Madam Speaker: Statement by the Chancellor of the Exchequer.

Mr. Kenneth Clarke (Rushcliffe): On a point of order, Madam Speaker.

Madam Speaker: Order. The right hon. and learned Gentleman understands that points of order come after statements.

Mr. Clarke: The point of order is relevant to the timing of the statement. I ask for your ruling on the procedure that will cover the delivery of statements to the House in this Parliament. This will be the first statement in the present Parliament.
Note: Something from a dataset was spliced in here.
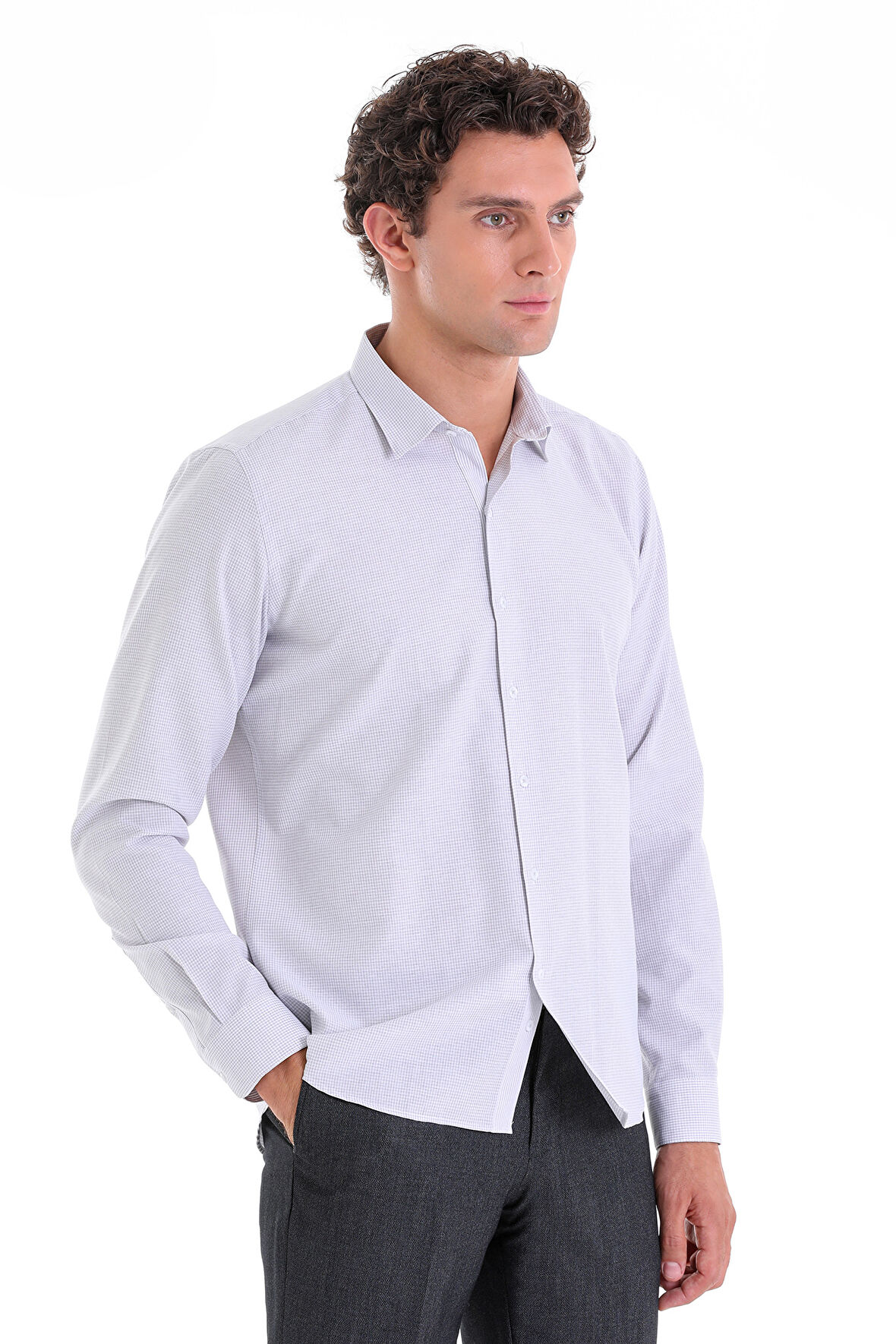 Gri K. Comfort Fit Çizgili Pamuklu Slim Yaka Uzun Kollu Spor Gömlek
In the past, the convention has been that advance copies of statements are made available to the Opposition about half an hour before their delivery. It has also been the convention that the annunciator shows a clear description of the contents of a statement. [Hon. Members: "No."] Oh, yes.

On this occasion, I am sure that my opposite numbers in the Liberal Democrat party and in the nationalist parties have had the experience that I had. At 16 minutes past 3, an extremely lengthy statement was delivered to the Opposition Whips Office. The scope of the statement extends far beyond the "Bank of England", which is how it is described on the annunciator, and covers reform of the entire Financial Services Act 1986 and the regulatory system for insurance and financial services as well as banking.

May we have your ruling, Madam Speaker, or perhaps a statement from the Government, about the way in which Parliament is to be treated in future on these matters, and whether this is to be typical of the way that the House is to be informed of decisions?